This classic variation of Norwegian Fiskesuppe originates from the coastal city of Bergen, featuring a luxurious velvety broth thickened with egg yolks and sour cream. It highlights a mix of white and pink fish alongside delicate julienned root vegetables for a warming, hearty meal.
Prepare the vegetables by cutting the carrots and celeriac into thin matchsticks (julienne) and slicing the leek into rings.
In a large soup pot, melt the butter over medium heat. Add the sliced leeks and sauté for 3-4 minutes until softened but not browned.
Sprinkle the flour over the leeks and stir constantly for 2 minutes to create a roux.
Gradually whisk in the fish stock, ensuring there are no lumps. Bring the mixture to a gentle simmer.
Add the julienned carrots and celeriac to the broth. Simmer for about 10 minutes until the vegetables are tender.
Add the chunks of cod and salmon to the pot. Reduce heat to low and let the fish poach gently for 5 minutes.
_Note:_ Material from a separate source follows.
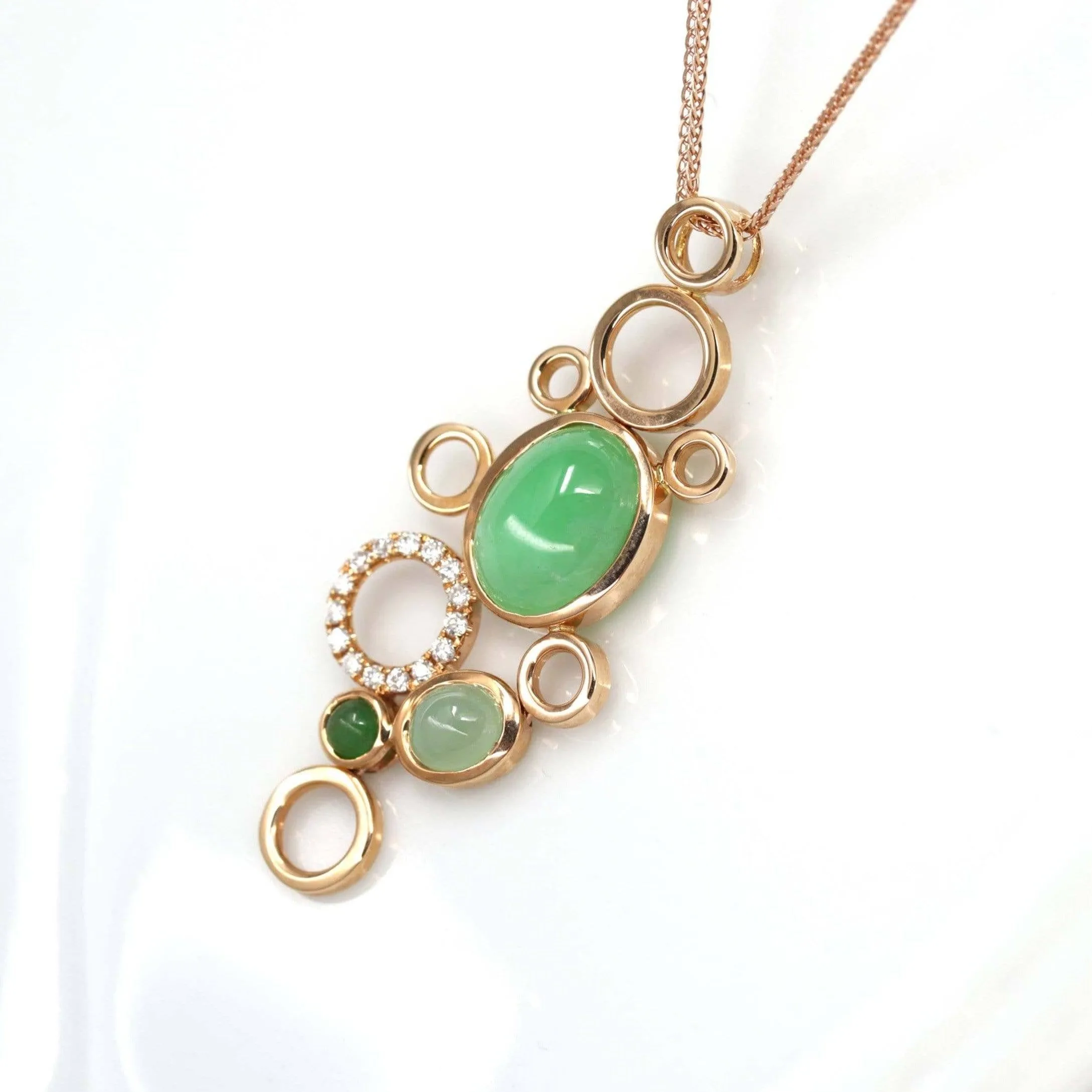 18k Rose Gold Jadeite Jade Diamond Bubble Pendant Necklace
Do not boil vigorously or the fish will break apart.
In a separate bowl, whisk together the heavy cream, sour cream, and egg yolks until smooth.
Temper the cream mixture by slowly adding a ladle of the hot soup broth into the bowl while whisking prevents the eggs from scrambling.
Pour the warmed cream mixture back into the main pot. Stir gently to combine and heat through for 2 minutes, but do not let it boil.
Stir in the white wine vinegar to balance the richness. Season with salt and pepper to taste.
Ladle into bowls and garnish generously with fresh chopped dill before serving.